« FN un parti comme les autres »… le Conseiller se prend six mois avec sursis

 

 16 février sur le parvis de l’hôtel de ville d’Auxerre, quelques dizaines de manifestants s’étaient rassemblés pour soutenir le projet de loi ouvrant le mariage aux homosexuels, rapporte Le Parisien. Une altercation avait alors éclaté entre les manifestants et le Conseiller municipal FN. Trois personnes, dont une jeune fille de 17 ans, avaient été très légèrement blessées et avaient déposé plainte. La jeune fille a accusé l’élu de lui avoir donné un coup de pied au visage, tandis que les deux autres lui ont reproché de les avoir bousculés. Selon les victimes et des témoins, M. Jacob aurait tenu des propos comme « Les pédés au bûcher », « Je ne veux pas de pédé ici, vous devez crever »L’élu en question s’appelle Richard Jacob.
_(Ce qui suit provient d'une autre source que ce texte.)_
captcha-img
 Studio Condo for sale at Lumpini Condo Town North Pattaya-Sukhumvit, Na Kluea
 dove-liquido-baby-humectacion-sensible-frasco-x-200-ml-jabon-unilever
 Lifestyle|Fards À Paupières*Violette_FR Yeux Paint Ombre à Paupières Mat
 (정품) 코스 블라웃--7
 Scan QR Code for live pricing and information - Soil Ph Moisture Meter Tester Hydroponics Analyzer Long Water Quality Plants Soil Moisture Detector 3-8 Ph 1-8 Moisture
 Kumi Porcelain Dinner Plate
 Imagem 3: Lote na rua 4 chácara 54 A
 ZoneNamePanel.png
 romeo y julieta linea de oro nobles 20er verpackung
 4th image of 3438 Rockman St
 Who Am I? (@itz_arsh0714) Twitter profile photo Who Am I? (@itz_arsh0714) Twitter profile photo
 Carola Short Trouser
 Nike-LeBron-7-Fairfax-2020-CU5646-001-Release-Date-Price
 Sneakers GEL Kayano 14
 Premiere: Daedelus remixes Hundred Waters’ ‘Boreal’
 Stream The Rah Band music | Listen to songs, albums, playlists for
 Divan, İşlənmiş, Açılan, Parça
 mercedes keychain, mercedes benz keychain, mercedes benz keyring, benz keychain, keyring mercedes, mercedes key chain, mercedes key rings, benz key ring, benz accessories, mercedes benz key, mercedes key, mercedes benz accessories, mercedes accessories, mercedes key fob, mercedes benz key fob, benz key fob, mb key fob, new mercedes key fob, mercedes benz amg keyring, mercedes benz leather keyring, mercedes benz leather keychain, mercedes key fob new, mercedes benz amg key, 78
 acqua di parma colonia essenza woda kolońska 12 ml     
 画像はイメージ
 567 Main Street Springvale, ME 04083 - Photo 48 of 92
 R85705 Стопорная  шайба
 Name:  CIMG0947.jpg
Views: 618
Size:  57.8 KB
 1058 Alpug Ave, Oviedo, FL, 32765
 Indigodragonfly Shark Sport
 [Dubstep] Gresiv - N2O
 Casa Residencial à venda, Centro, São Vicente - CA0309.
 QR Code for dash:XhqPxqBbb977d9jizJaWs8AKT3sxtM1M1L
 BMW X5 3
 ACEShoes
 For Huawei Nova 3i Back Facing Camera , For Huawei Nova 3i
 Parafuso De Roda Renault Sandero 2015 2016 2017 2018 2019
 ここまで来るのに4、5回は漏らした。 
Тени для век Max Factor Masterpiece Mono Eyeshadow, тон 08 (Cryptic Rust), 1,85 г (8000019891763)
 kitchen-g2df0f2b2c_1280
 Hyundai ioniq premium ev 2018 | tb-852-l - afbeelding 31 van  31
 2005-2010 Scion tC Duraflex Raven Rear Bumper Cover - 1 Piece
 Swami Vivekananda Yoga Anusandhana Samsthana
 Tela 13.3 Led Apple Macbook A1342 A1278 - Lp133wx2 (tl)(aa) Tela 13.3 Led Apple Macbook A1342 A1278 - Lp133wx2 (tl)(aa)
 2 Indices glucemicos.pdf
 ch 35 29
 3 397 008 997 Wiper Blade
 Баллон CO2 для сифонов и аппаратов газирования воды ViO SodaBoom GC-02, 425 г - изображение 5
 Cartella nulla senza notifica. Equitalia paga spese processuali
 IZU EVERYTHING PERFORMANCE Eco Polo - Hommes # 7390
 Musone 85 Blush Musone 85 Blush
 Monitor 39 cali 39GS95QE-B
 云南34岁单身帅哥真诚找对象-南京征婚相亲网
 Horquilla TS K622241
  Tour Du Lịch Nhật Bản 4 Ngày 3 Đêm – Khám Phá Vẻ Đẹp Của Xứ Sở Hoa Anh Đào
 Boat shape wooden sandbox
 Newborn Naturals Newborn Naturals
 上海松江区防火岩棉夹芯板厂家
Il s’était déjà fait connaître en juillet 2010 par un communiqué de presse réclamant la peine de mort pour les pédophiles et comportant le délicat passage suivant : « J’invite tous ceux qui, lors de l’ouverture de la chasse, par le plus grand des hasards, ont au bout du fusil un pédophile, à appuyer vivement sur la détente avant que ce pédophile ne soit récidiviste. »

Autre fait d’arme rapporté par Auxerre TV,  en juin 2012, lors de l’organisation de la première « Marche des fiertés » à Auxerre, Richard Jacob avait menacé les organisateurs des risques de violences physiques. Le FN local n’acceptait pas le principe de marche LGBT [lesbienne, gay, bi, transexuel, NdA] à Auxerre, quitte à en venir aux mains. Richard Jacob, élu local frontiste avait demandé au préfet et au maire d’interdire la marche.

Sinon, « Ça va mal se passer », menaçait-il.  »Nous empêcherons qu’elle ait lieu », avant de menacer à nouveau de représailles physiques « s’il le faut ». Cette marche eut bien lieu et sans problèmes. » Pour son dernier dérapage en date, l’altercation de février dernier, il a été condamné hier par le tribunal correctionnel d’Auxerre à six mois de prison avec sursis, deux ans d’inéligibilité, 2000 € d’amende et à verser aux trois victimes 200 à 500 € de dommages et intérêts pour leurs dommages corporels et 500 € chacun pour leur préjudice moral. Il crie au complot politique et affirme vouloir faire appel.